Captioned web image data

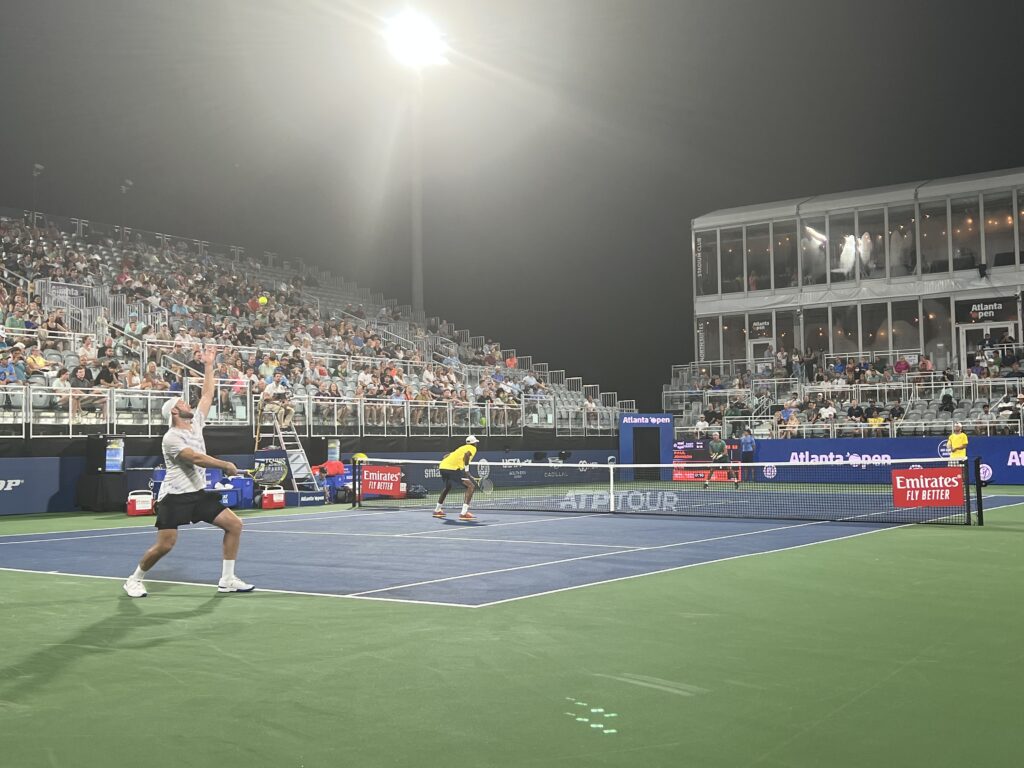 Jack Sock hits a serve in a doubles match at the 2022 Atlanta Open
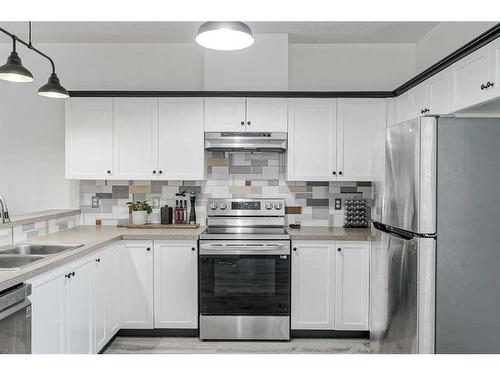 703-2001 Luxstone Boulevard Sw, Airdrie, AB - Indoor Photo Showing Kitchen With Double Sink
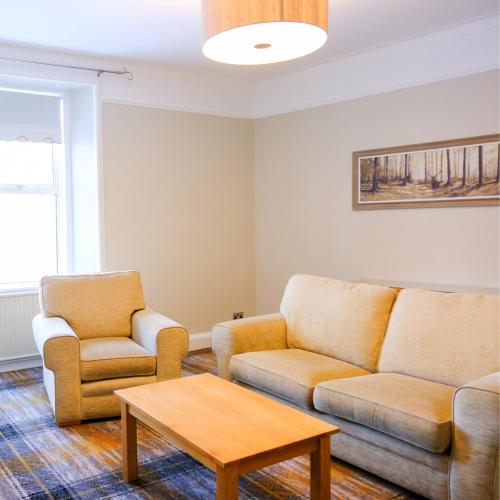 a living room with two couches and a coffee table at Glen Mhor Hotel at Uile-bheist 'Brewstillery' in Inverness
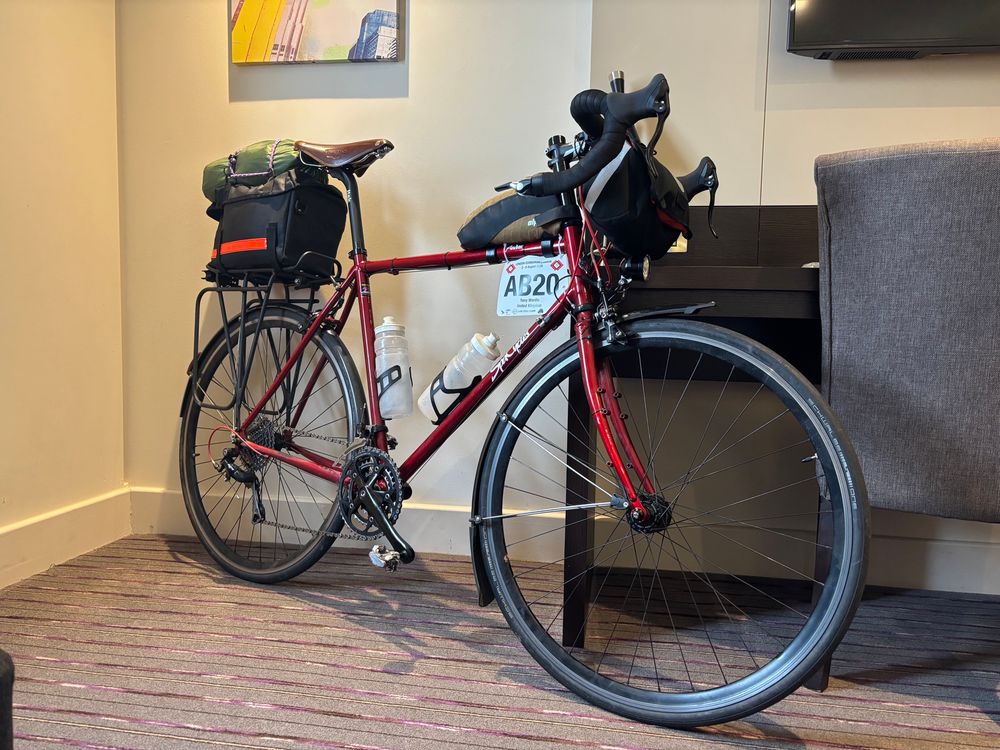 A loaded red bicycle a hotel room with L E L rider plate A B 20.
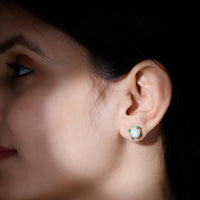 Rosec Jewels 6 Carat freshwater pearl bridal stud earrings with emerald accents, featuring elegant pearl and green gemstone design.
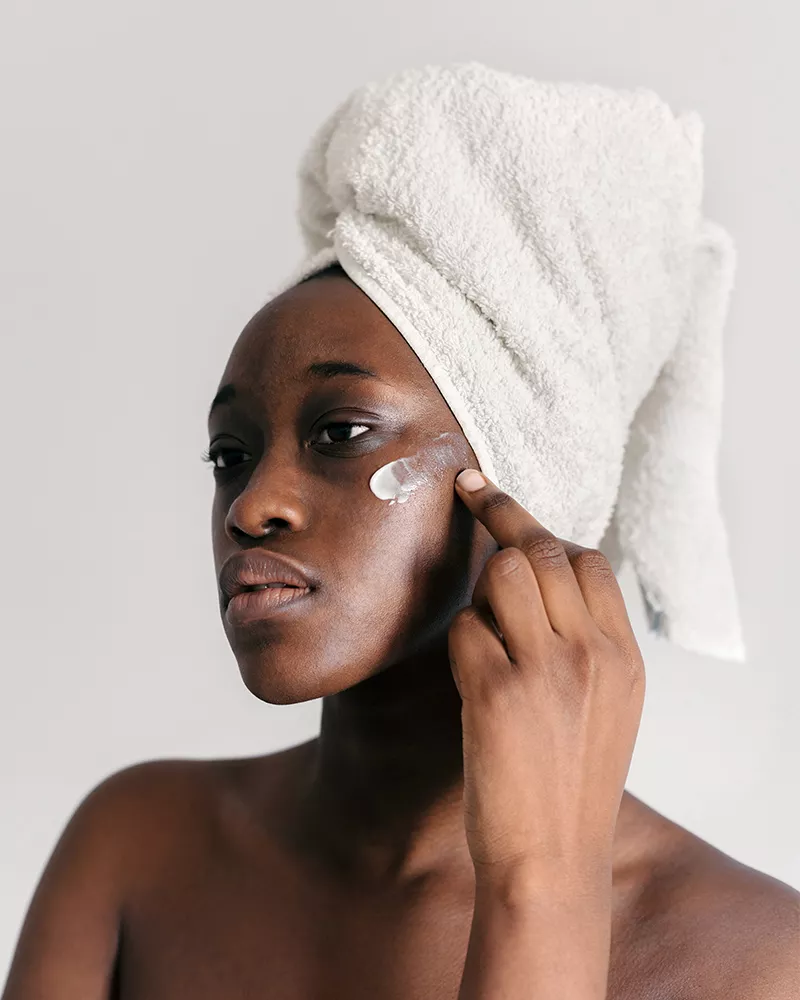 black femme applying face lotion
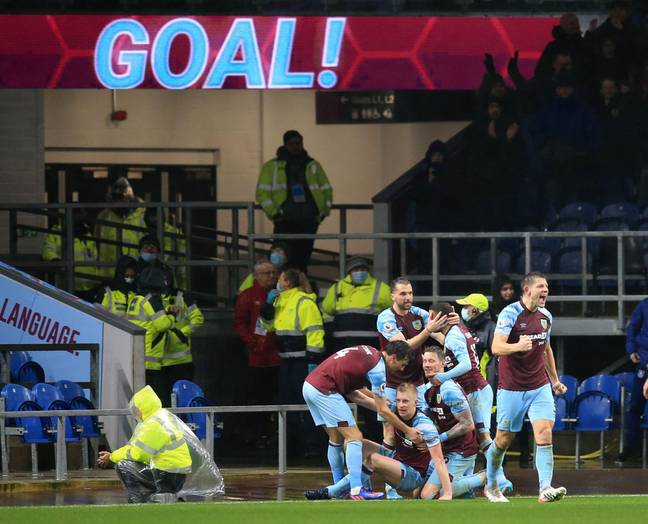 Burnley players celebrate Mee's winner. Image: PA Images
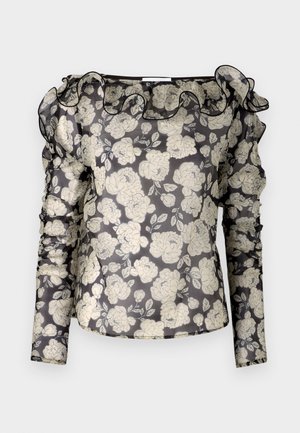 Kirkas musta paita, jossa on valkoinen kukkakuosi, röyhelökaulus, pitkät hihat, joissa on rypytettyjä yksityiskohtia, ja kapea malli.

Required work → Leave the pictures out and reproduce each record exactly as written.

Exercise answer →
 Jack Sock hits a serve in a doubles match at the 2022 Atlanta Open
 703-2001 Luxstone Boulevard Sw, Airdrie, AB - Indoor Photo Showing Kitchen With Double Sink
 a living room with two couches and a coffee table at Glen Mhor Hotel at Uile-bheist 'Brewstillery' in Inverness
 A loaded red bicycle a hotel room with L E L rider plate A B 20.
 Rosec Jewels 6 Carat freshwater pearl bridal stud earrings with emerald accents, featuring elegant pearl and green gemstone design.
 black femme applying face lotion
 Burnley players celebrate Mee's winner. Image: PA Images
 Kirkas musta paita, jossa on valkoinen kukkakuosi, röyhelökaulus, pitkät hihat, joissa on rypytettyjä yksityiskohtia, ja kapea malli.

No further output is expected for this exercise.